Reviewed by Darryl Greer for Readers' Favorite

As a writer and reader of thrillers, memoirs are not usually my thing. And these days when I see an article about sport, my eyes glaze over. It is a long time since I played any kind of sport myself and, well, these days sportsmen and women aren’t what they used to be. So, I braced myself and entered the world of author Geza Tatrallyay through his memoir, The Fencers, the third volume in a trilogy of autobiographical Cold War escape stories. I’m sure glad I did. I hadn’t read either of the first two in the series so I was fascinated to learn of the author’s background, his own family’s escape from Communist Hungary, starting out from scratch in a new country, Canada, fitting into a society that was so different it must have seemed like being on another planet.
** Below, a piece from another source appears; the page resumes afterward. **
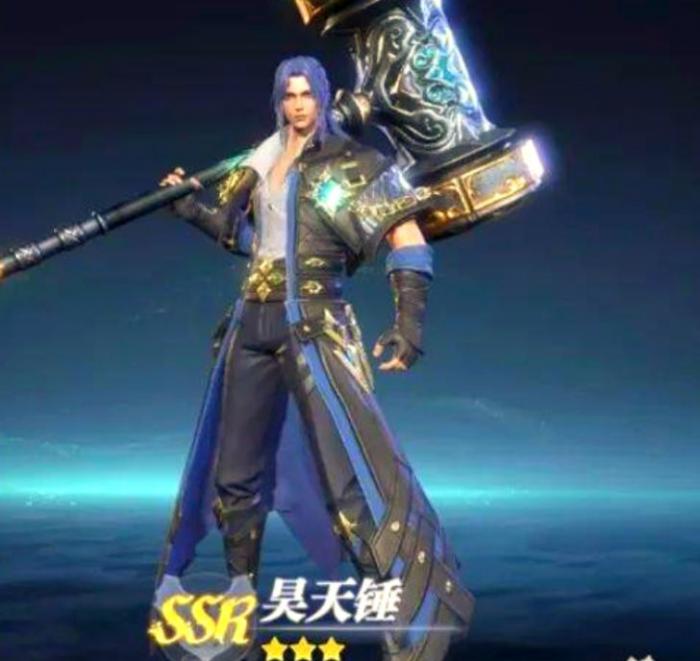 斗罗大陆猎魂世界武魂自选方案2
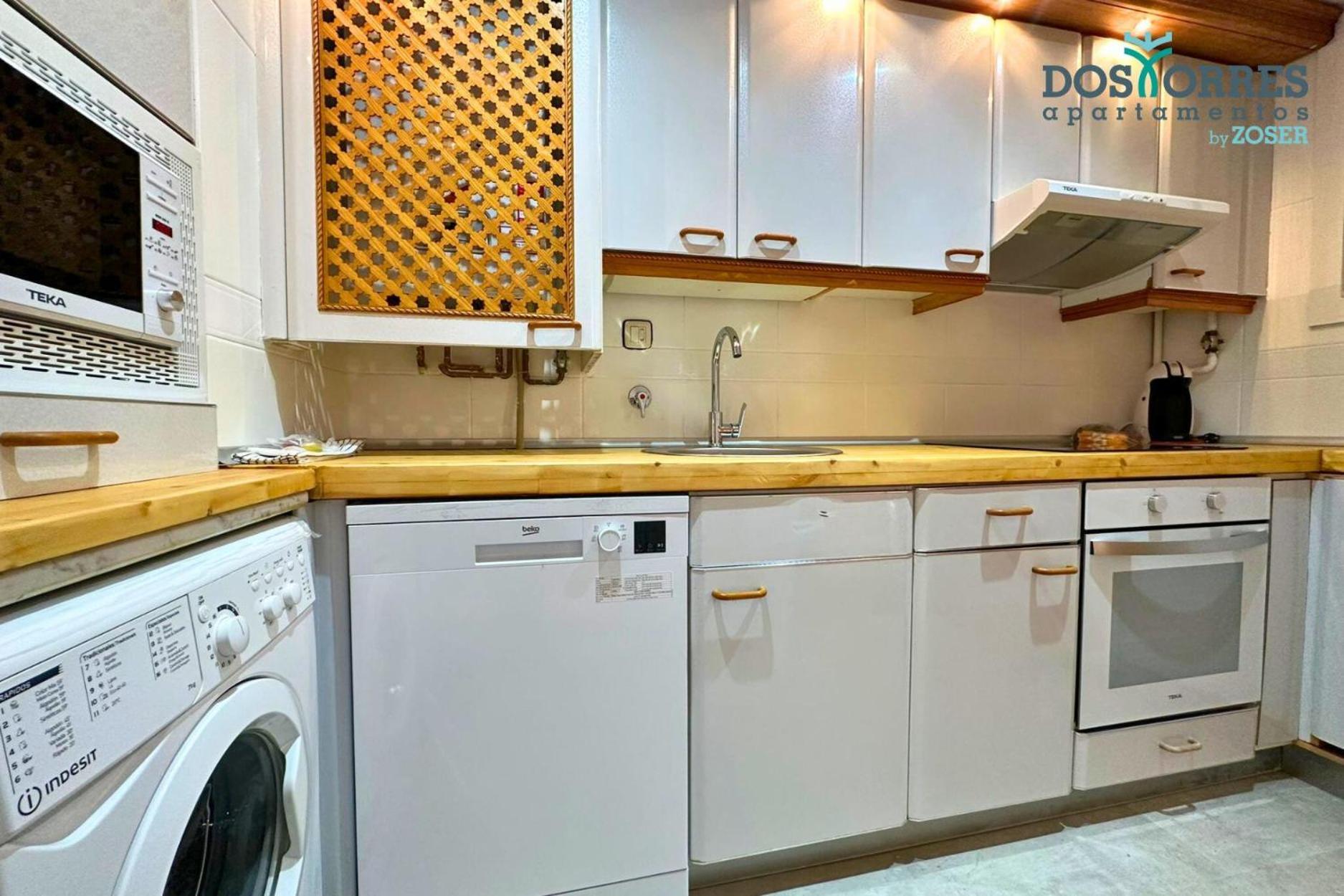Dos Torres Santa Isabel - Estacionamiento Privado Gratuito Apartment Zaragoza Ngoại thất bức ảnh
We follow the author’s highs and lows as he sets out to become a fencer and eventually finds himself, to his own great surprise, representing Canada as an épée fencer in the 1976 Montreal Olympics. I am old enough to recall those Olympics and it was at a time when, so much younger, I was very interested in sport, including as a spectator.

The interesting thing about The Fencers is that the reader is treated to an insider’s view of exactly what was happening at the time, including a vivid birds-eye-view description of gymnast Nadia Comaneci’s amazing feats. Those games are treated in considerable detail, perhaps taking up most of the book, but against that background, the author describes his meeting and developing a relationship with Paul Szabó, a Romanian-Hungarian fencer who wanted to defect to the West. He was representing Romania at the games but he was willing to put everything on the line, including his life, to avoid returning to the corrupt, cruel regime of Nicolae Ceausescu. The author assisted him to do so and, in the process, became a life-long friend. Tragedy struck Szabó later but he managed to start a new life, as the author did, in his adopted country. The Fencers is a fascinating, hard-to-put-down read.